Collaborative Teaching Mode (scene_1v1_teaching)

ExAgent supports a scene_1v1_teaching mode for collaborative tutoring. When enabled, the backend uses different prompts and templates tuned for step-by-step problem solving. The agent can incorporate lecture-style content, structured board content (板书), and interactive Q&A. The llmConfigOverride allows the host to use the room’s global LLM settings (model, temperature, etc.) instead of the agent’s default, so ExAgent and LectureSidebar can share the same configuration.

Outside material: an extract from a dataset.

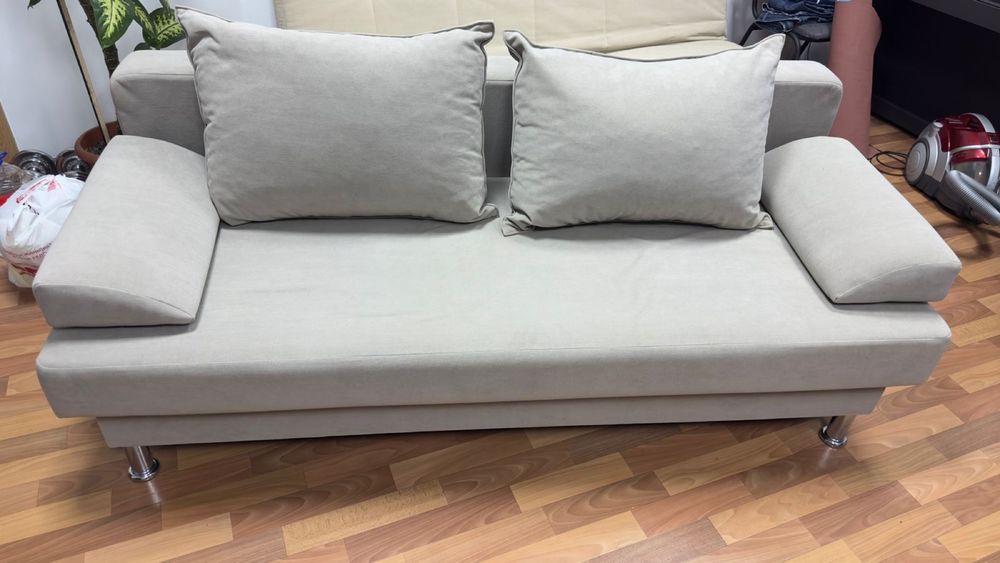 Продам диван в отличном состоянии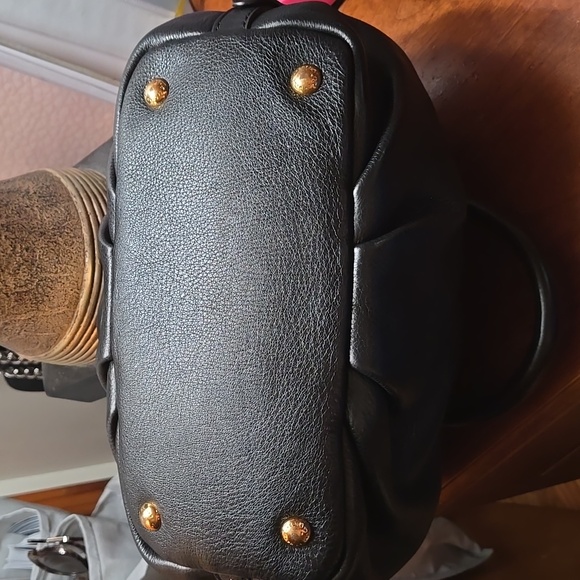 Marc by Marc Jacobs EUC Dome Style Satchel/Crossbody Bag🔥🔥🔥🔥 - Picture 3 of 11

Chat History and Todo List Management

Chat history stores each user message and the agent’s response. For canvas-modifying actions, the history entry includes a brief description (e.g., "Moved 2 shapes") and a reference to the action. The ChatHistoryPartUtil includes recent history in the prompt so the model has conversational context.

Todo list is a separate atom ($todoList). The agent can emit update-todo-list actions to add or update items. When all todos are marked done and the user sends a new message, the todo list can be cleared automatically. The TodoListPartUtil adds the current list to the prompt so the model can track multi-step tasks.

Summary

ExAgent turns natural language into canvas actions through a streaming pipeline: user message → backend LLM → JSON actions → ExcalidrawAgent → AgentActionUtil.applyAction() → updateScene. Context (selection, viewport, history) is gathered via prompt parts; atoms manage reactive state; and the shared type system keeps frontend and backend in sync. The result is a chat-driven canvas controller that supports create, move, resize, style, and many more operations — all with context awareness and collaborative teaching support.